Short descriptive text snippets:
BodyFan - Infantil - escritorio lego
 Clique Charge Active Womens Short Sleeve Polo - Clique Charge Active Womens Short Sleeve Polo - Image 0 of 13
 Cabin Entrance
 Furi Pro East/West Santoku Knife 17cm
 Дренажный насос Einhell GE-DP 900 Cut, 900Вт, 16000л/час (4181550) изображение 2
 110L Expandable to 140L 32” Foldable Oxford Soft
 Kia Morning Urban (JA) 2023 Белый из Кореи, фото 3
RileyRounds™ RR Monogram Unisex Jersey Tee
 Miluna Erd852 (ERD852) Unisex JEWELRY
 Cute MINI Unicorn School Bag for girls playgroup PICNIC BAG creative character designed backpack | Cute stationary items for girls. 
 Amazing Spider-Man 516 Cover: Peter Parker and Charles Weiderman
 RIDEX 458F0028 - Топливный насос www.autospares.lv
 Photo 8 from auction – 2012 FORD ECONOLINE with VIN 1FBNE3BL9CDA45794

PROBLEM REQUIREMENTS:
Every record must be set down again exactly.

SOLUTION:
BodyFan - Infantil - escritorio lego
 Clique Charge Active Womens Short Sleeve Polo - Clique Charge Active Womens Short Sleeve Polo - Image 0 of 13
 Cabin Entrance
 Furi Pro East/West Santoku Knife 17cm
 Дренажный насос Einhell GE-DP 900 Cut, 900Вт, 16000л/час (4181550) изображение 2
 110L Expandable to 140L 32” Foldable Oxford Soft
 Kia Morning Urban (JA) 2023 Белый из Кореи, фото 3
RileyRounds™ RR Monogram Unisex Jersey Tee
 Miluna Erd852 (ERD852) Unisex JEWELRY
 Cute MINI Unicorn School Bag for girls playgroup PICNIC BAG creative character designed backpack | Cute stationary items for girls. 
 Amazing Spider-Man 516 Cover: Peter Parker and Charles Weiderman
 RIDEX 458F0028 - Топливный насос www.autospares.lv
 Photo 8 from auction – 2012 FORD ECONOLINE with VIN 1FBNE3BL9CDA45794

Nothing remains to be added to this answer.